Subscribe to the Non-Human & AI Identity Journal

Why do identity programmes need baselines before they claim savings?

Because without a pre-deployment baseline, there is no way to show change rather than noise. Baselines let teams compare the same workflows before and after rollout, isolate seasonality, and attach a confidence level to the result. That is what turns a savings claim into something finance and audit can test.

Why This Matters for Security Teams

Identity programmes often promise fewer standing privileges, less manual review, and lower operational overhead. The problem is that those claims are only credible if the team can prove a measurable change against the same workload, not just a different month or a different mix of systems. Without a baseline, reductions in tickets, access events, or remediation effort can be driven by seasonality, policy drift, or reporting noise rather than real improvement. NIST’s Cybersecurity Framework 2.0 treats measurement and continuous improvement as part of governance, not an afterthought.
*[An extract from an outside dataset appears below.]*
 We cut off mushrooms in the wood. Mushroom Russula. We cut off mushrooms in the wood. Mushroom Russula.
This is especially important for NHIs because their behaviour is often invisible until something breaks. NHIMG’s Ultimate Guide to NHIs makes the point that machine identities need lifecycle control, not just inventory, while the 52 NHI Breaches Analysis shows how quickly weak identity hygiene can become an enterprise incident. In practice, many security teams discover the true cost of “savings” only after audit challenges or incident response have already exposed the missing comparison point.

How It Works in Practice

A usable baseline starts by freezing the current state before any policy, tool, or workflow change goes live. That usually means capturing volume, timing, and effort across the same process steps you expect to improve: access requests, approvals, privileged session launches, secret rotations, exception handling, and support tickets. The goal is not perfect precision. The goal is a repeatable comparison that can survive finance review and internal audit.
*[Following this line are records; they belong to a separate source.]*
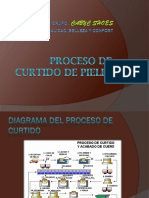 procesodecurtidodepieles-110402164222-phpapp02.pptx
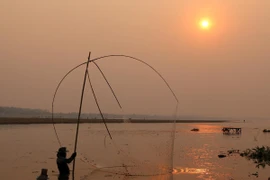 Một góc sông Mekong. (Ảnh: Phạm Kiên/TTXVN)
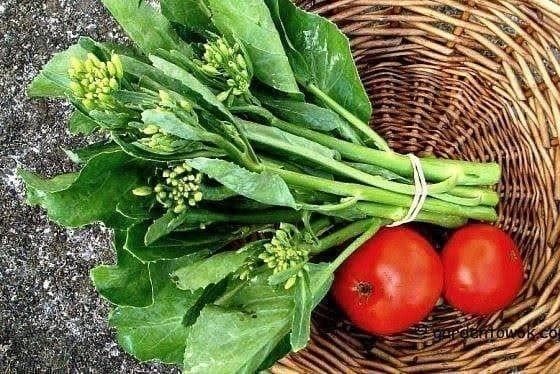 Piante & sementi: BROCOLI CHINOIS KAI-LAN 30g – Nuovo (secondo la descrizione) da Bremblens venduto da FIBONACCI369 1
For identity programmes, the baseline should separate actual work from background noise. A monthly ticket count alone is too blunt. Better baselines track:

  • Average time to provision and revoke access
  • Number of manual interventions per workflow
  • Volume of standing privileges or dormant accounts
  • Exception rate by application, team, or environment
  • Remediation time for leaked or rotated secrets

That last metric matters because secrets management is often where programme cost hides. In The State of Secrets in AppSec, GitGuardian and CyberArk report that the average estimated time to remediate a leaked secret is 27 days, even though 75% of organisations express strong confidence in their secrets management capabilities. That gap between confidence and reality is exactly why baselines matter. Without pre-change data, a team can reduce one metric while making another worse and still call it success.

Current best practice is to define the baseline window long enough to capture normal variation, then compare like for like after rollout. The strongest claims use the same business units, the same workflows, and the same measurement method on both sides of the change. These controls tend to break down when organisations change tooling, approval paths, and reporting logic at the same time, because the result becomes impossible to attribute cleanly.
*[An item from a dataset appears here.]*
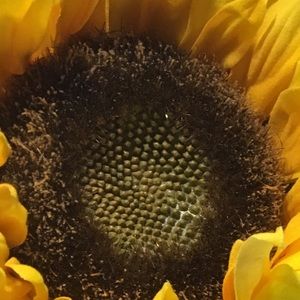 Meet your Posher, Kendall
Common Variations and Edge Cases

Tighter measurement often increases reporting overhead, requiring organisations to balance evidence quality against the effort needed to collect it. Some programmes can tolerate a lightweight baseline; others need a formal measurement plan because savings will be used in budget decisions, board reporting, or audit responses.

There is no universal standard for this yet. In regulated environments, the safest approach is to document the baseline method, the observation window, and the assumptions behind any savings estimate. In fast-moving cloud or agentic environments, teams may need separate baselines for human access, workload identity, and automated secrets rotation because combining them hides real differences in control performance.

That distinction matters in NHI work because the real object being improved is often not the number of identities, but the amount of unmanaged privilege attached to them. NHIMG’s Top 10 NHI Issues and JetBrains GitHub plugin token exposure both illustrate how quickly exposed credentials can invalidate assumed savings by creating urgent remediation work. Baselines should therefore be refreshed after major architecture changes, because a claim that was valid in one operating model may no longer hold after a platform migration or identity consolidation.

Standards & Framework Alignment

This section maps relevant standards and security frameworks to the operational risks and controls described in this guidance.

OWASP Non-Human Identity Top 10 address the attack and risk surface, while NIST CSF 2.0 and NIST AI RMF set the governance and control requirements practitioners need to meet.

Framework Control / Reference Relevance
NIST CSF 2.0 GV.OV-01 Baseline metrics support governance oversight and measurable improvement claims.
OWASP Non-Human Identity Top 10 NHI-06 NHI lifecycle and monitoring need a baseline to prove reduced exposure.
NIST AI RMF AI RMF stresses measurable risk management, which depends on pre-deployment baselines.

Define pre-change metrics and track them through rollout so savings claims can be verified over time.